■ YOUR GOAL ■
Return all the data below as it stands, minus the pictures.

■ DATA SHOWN ■
⟨

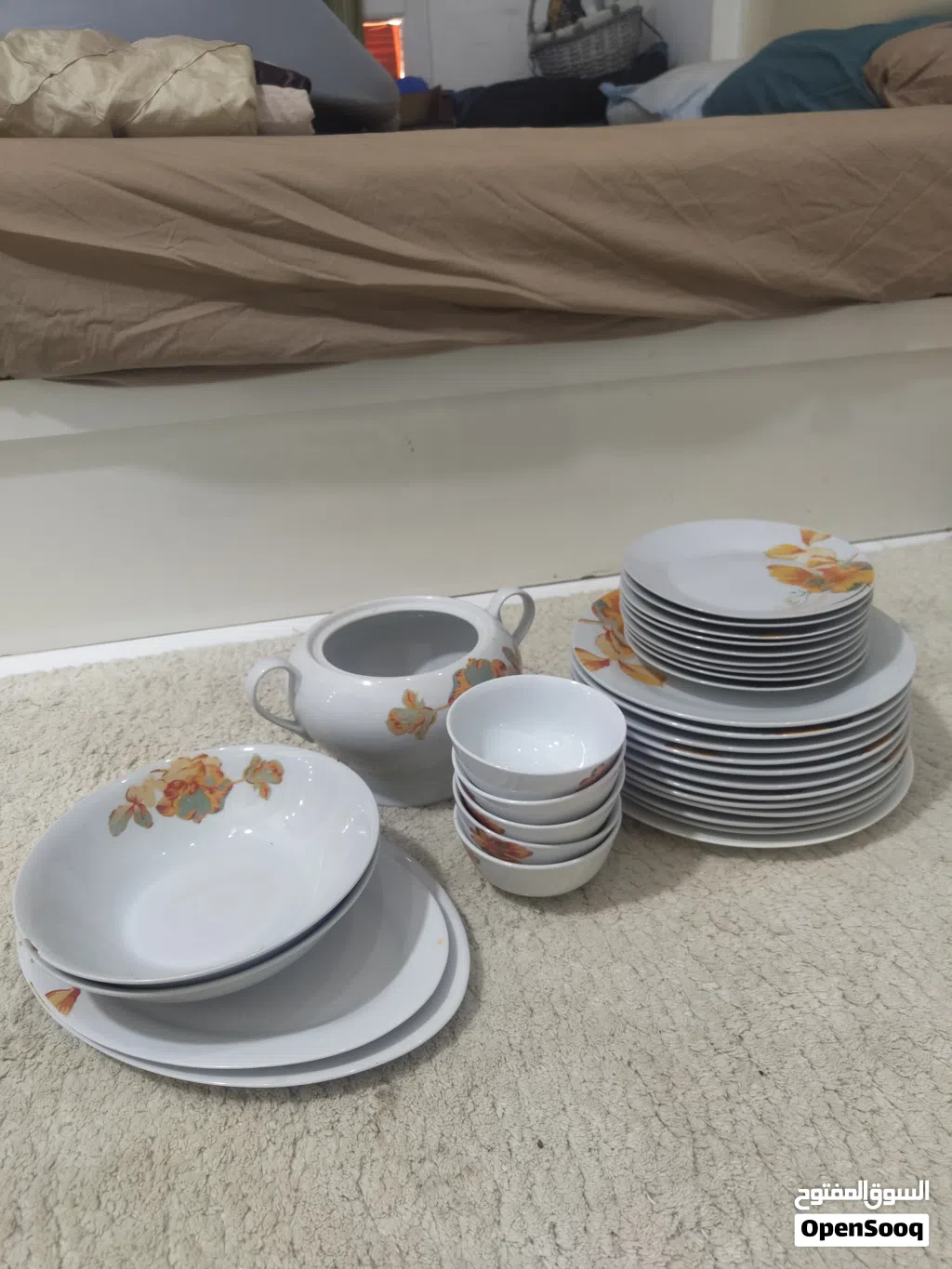 Original home center plates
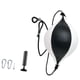 thumbnail image 5 of Bola De Boxeo PU Bolso De Velocidad De Cuero Para Entrenamiento De Reacción Coordinación Ojo De Ojo Blanco Blanco, 5 of 5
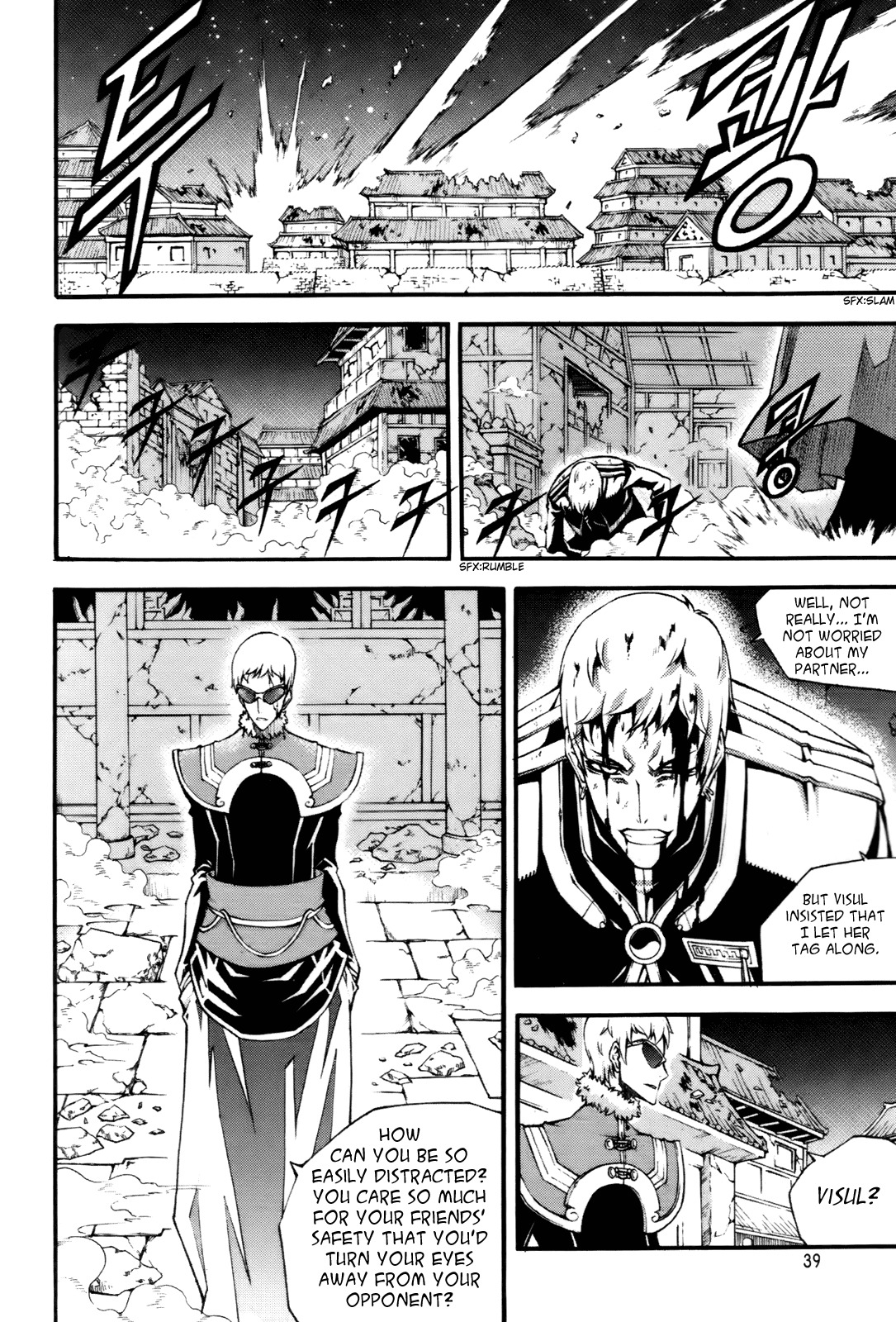 Witch Hunter Chapter 54 page 9 - Chapter 54: Favor and Repayment
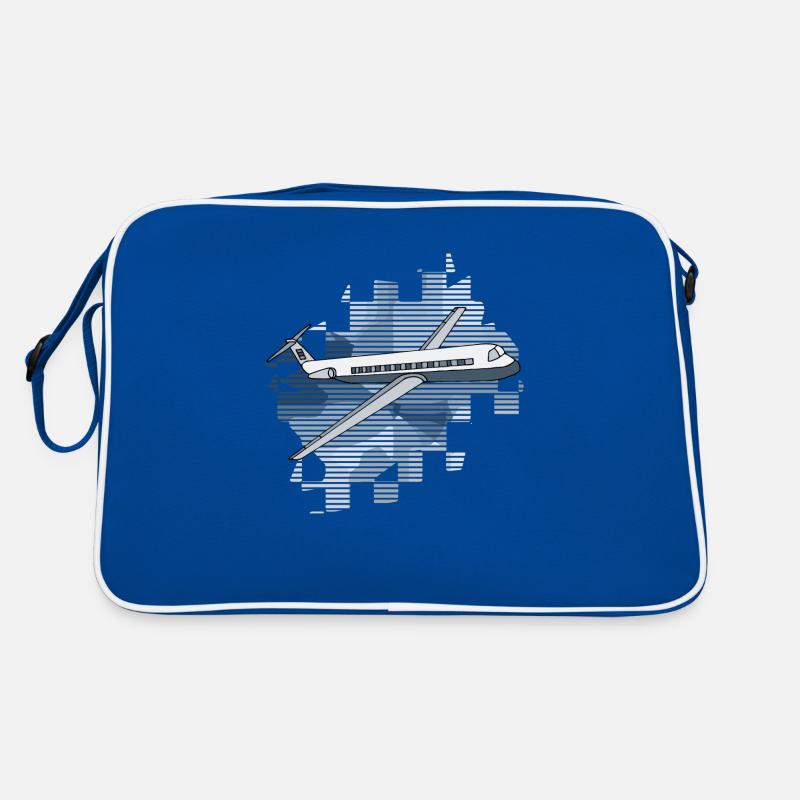 Aéronef Sac Retro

⟩

■ ANSWER AREA ■
 Original home center plates
 thumbnail image 5 of Bola De Boxeo PU Bolso De Velocidad De Cuero Para Entrenamiento De Reacción Coordinación Ojo De Ojo Blanco Blanco, 5 of 5
 Witch Hunter Chapter 54 page 9 - Chapter 54: Favor and Repayment
 Aéronef Sac Retro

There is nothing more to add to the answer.